Not every divorce is filled with anger or resentment. Sometimes, love can shift to something more platonic. You might still care deeply for your ex, laugh at the same jokes and even lean on each other for support. But staying close after a divorce comes with its own set of questions and challenges.
You may wonder if the closeness will benefit or harm your future. These are genuine concerns, especially if you are trying to move forward emotionally. Staying best friends can work for some, but it takes honesty, balance and strong personal boundaries.
When friendship follows the split
Many people keep meaningful relationships after divorce. But being best friends is different from just being friendly. It often means regular contact, emotional check-ins and shared routines. If this sounds like your situation, know this:
- Emotional healing may slow down: Staying close can blur the line between ending the relationship and starting a new chapter. It might feel comforting, but it can delay personal growth.
- Future relationships might get complicated: A new partner could struggle to understand why you are still so connected.
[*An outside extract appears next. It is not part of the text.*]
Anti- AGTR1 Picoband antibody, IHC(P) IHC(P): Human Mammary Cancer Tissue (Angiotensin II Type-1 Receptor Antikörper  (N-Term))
This could lead to tension or mistrust down the road.
- Clear boundaries are a must: Friendship after divorce works best when both of you know where the limits are, emotionally, physically and socially.
- Shared responsibilities can keep you connected: If you are co-parenting or managing shared property, maintaining a good friendship might help. Just make sure it does not mask unresolved feelings.
- Check in with yourself often: Be honest about whether this friendship still serves you or if it is holding you back from fully moving on.
If you are still friendly with your ex, it is important to take it slow. Everyone’s path looks different. Still, having some support in the background, especially someone who understands the process, a therapist, legal professional or friend, can help you make choices that protect your heart and your future.